Decision typeOwnerConsultedNotes
Research question / scopePI / lead scholarwhole teamdrives everything else
Data model & schemaData curatorscholar + devscholar signs off on semantics
Tooling & infrastructureLead developercuratormust meet sustainability rule
Public interpretationLead scholardev (feasibility)dev flags what is buildable

The principle: the question owner sets priorities, the technologist owns feasibility, and you never let a tooling preference quietly redefine the research question.

How should you handle credit and authorship?

Adopt a contributor-roles taxonomy. CRediT lists 14 roles including Software, Data Curation, Conceptualization and Visualization, so a developer who wrote no prose still appears with a named contribution. Agree authorship order and data ownership in a one-page MOU at kick-off covering: who can reuse the data afterwards, what licence the outputs carry (CC BY 4.0 for text, MIT or Apache-2.0 for code is a common pairing), and what happens to the repository if a contributor leaves the institution.

What keeps results consistent across the whole collection?

A living data dictionary committed to the repo. It pins every field name, its controlled vocabulary, and its format so a manually entered date and a scripted import agree.

yaml
# data-dictionary.yml
place_name:
  source: getty_tgn          # authority list
  required: true
date_qualified:
  format: EDTF               # e.g. 1640?, 164X, 1640/1645
  required: false
confidence:
  enum: [certain, probable, conjectural]

Pair it with validation: a CI check that fails the build when a CSV row violates the dictionary catches inconsistency before it spreads across a thousand records.
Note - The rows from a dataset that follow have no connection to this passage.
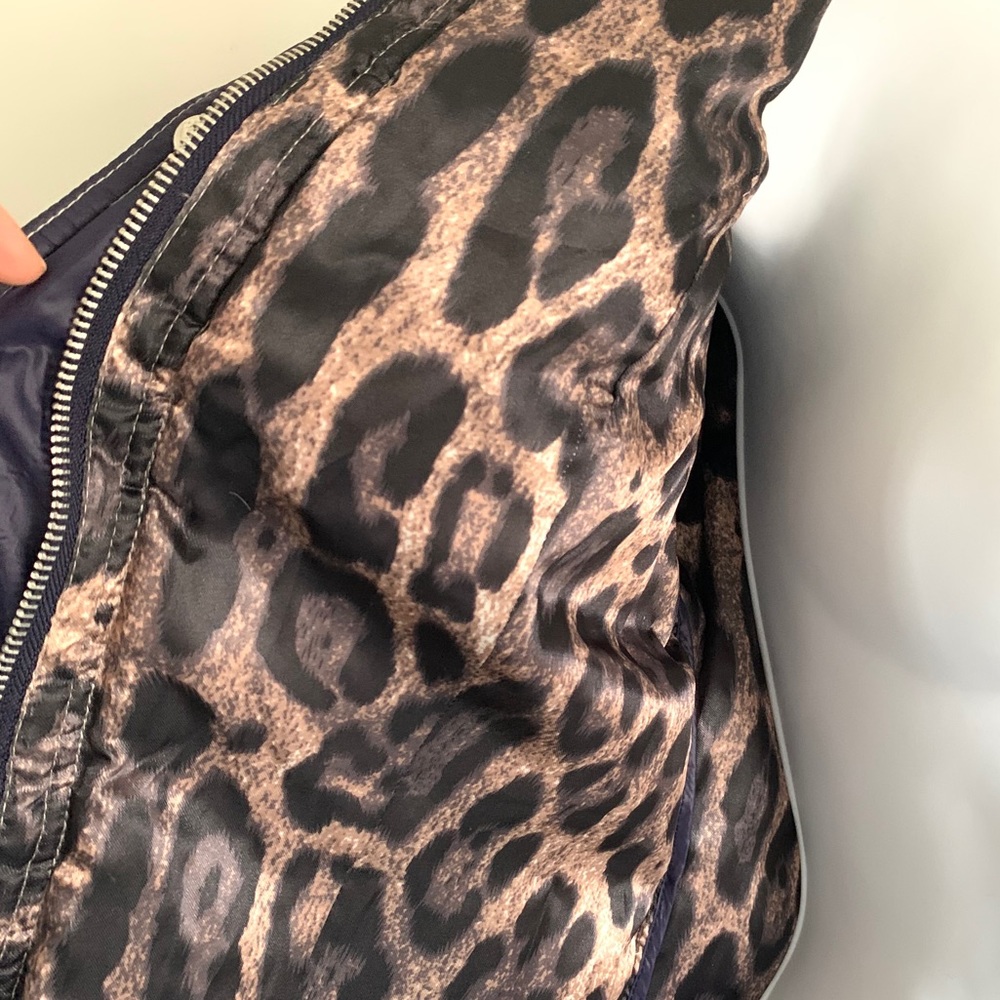 Guess Packable Down Jacket Purple - image 7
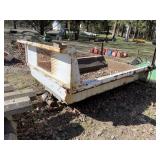Truck bed insert Truck bed insert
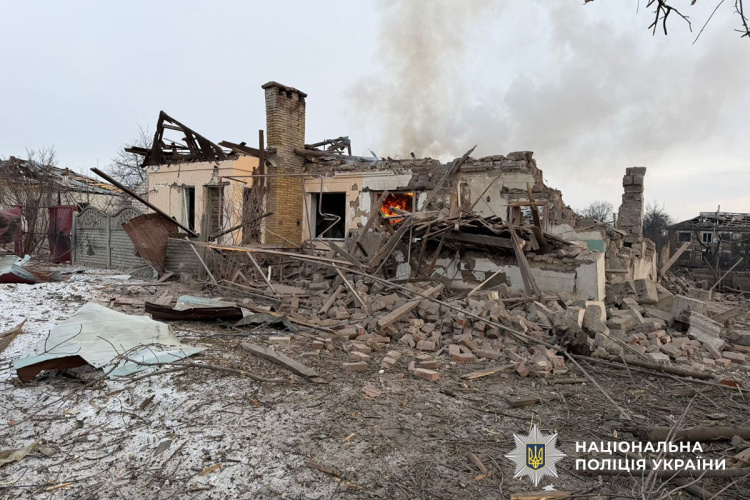 Одна людина загинула і семеро поранені внаслідок обстрілів Донеччини 20 січня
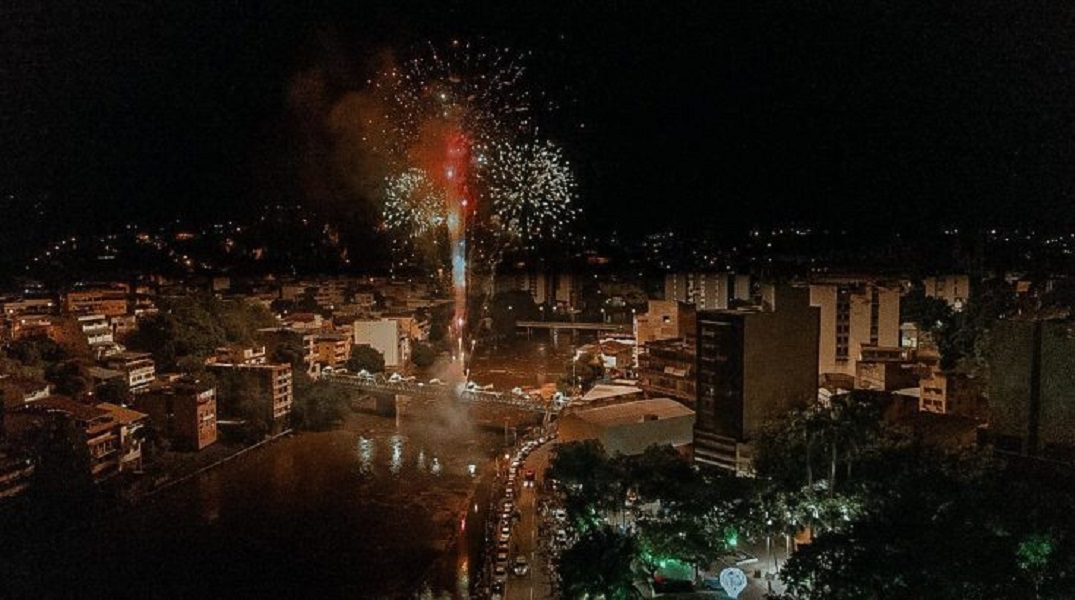 Cachoeiro: Cidade não terá celebrações oficiais de Ano Novo e Carnaval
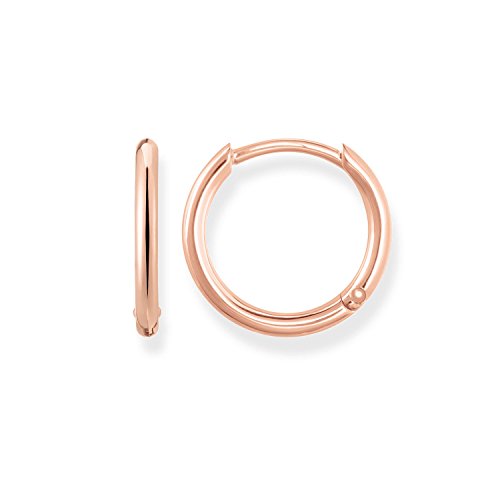 Thomas Sabo Creolen Klein vergoldetes Silber CR608-415-12 Thomas Sabo Creolen Klein vergoldetes Silber CR608-415-12 von THOMAS SABO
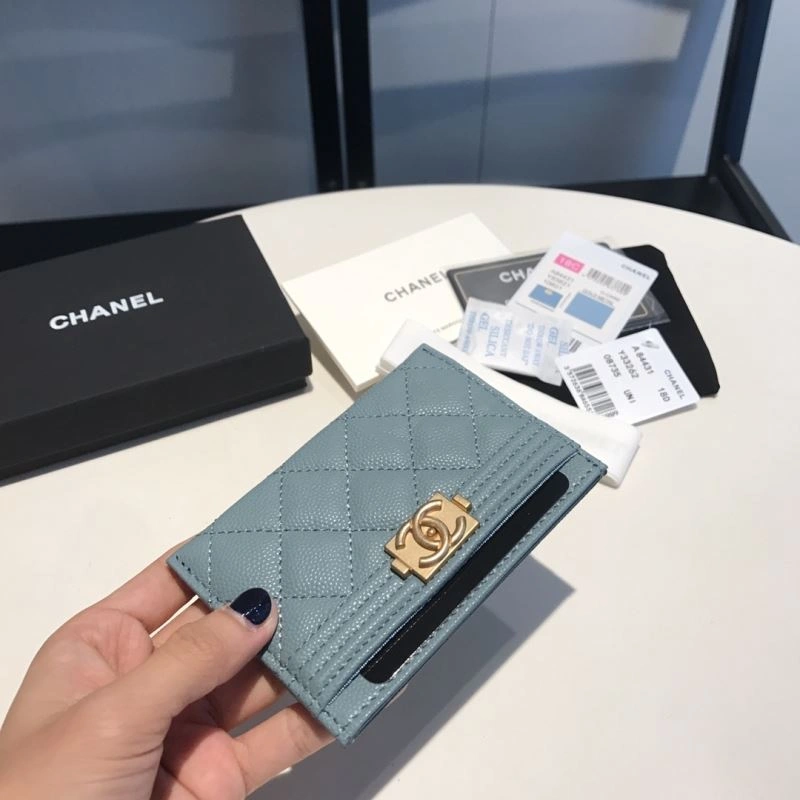 Chanel Wallet Purse Unisex 68999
A practical kick-off checklist

  1. Glossary and data dictionary created in the repo (day 1).
  2. One-page MOU: authorship order, data ownership, licences, exit plan.
  3. CRediT roles drafted for every named person.
  4. Decision-rights grid agreed and pinned to the wiki.
  5. Cadence set: weekly standup, monthly scope review.
  6. A shared "definition of done" per artefact type.
  7. One neutral shared workspace everyone can actually use.

Key Takeaways

  • Interdisciplinary friction is mostly social, not technical — vocabulary, decision rights and credit cause more delays than code.
  • Write a glossary and data dictionary into version control in week one and review them monthly.
  • Use a decision-rights grid scoped to decision types, not job titles.
  • Adopt CRediT so non-prose contributions are visibly credited.
  • A one-page MOU on authorship, ownership and exit prevents publication-time disputes.
  • Validate data against the dictionary in CI so consistency is enforced, not hoped for.

Frequently Asked Questions

What is the single most common cause of interdisciplinary friction in DH?

Unstated vocabulary. Historians, librarians and developers use the same word (record, source, model, tag) to mean different things. Writing a shared glossary in week one prevents most downstream rework.

Do we need a memorandum of understanding for a small project?

Even two-person teams benefit from a one-page MOU covering authorship order, data ownership and what happens to the repo if someone leaves. It takes an hour and prevents the disputes that surface at publication.

How do I credit a programmer who wrote no prose?

Use a contributor-roles taxonomy such as CRediT, which has 14 named roles including Software and Data Curation. List each person's roles explicitly rather than forcing everyone into 'author' or 'acknowledgements'.

Should the humanist or the technologist lead the project?

Neither by default. Lead with the research question, and let whoever owns that question set priorities while the technologist owns feasibility. Co-leadership with clear decision rights works better than a single discipline dominating.

How often should an interdisciplinary team meet?

A short weekly standup plus a monthly deep-dive works for most grant-scale DH projects. Weekly catches drift early; monthly is where you renegotiate scope and review the shared glossary.

What artefact best keeps a mixed team consistent?

A living data dictionary in the repository. It pins field names, controlled vocabularies and date formats so a historian's entry and a developer's import script agree on what 'circa 1640' means.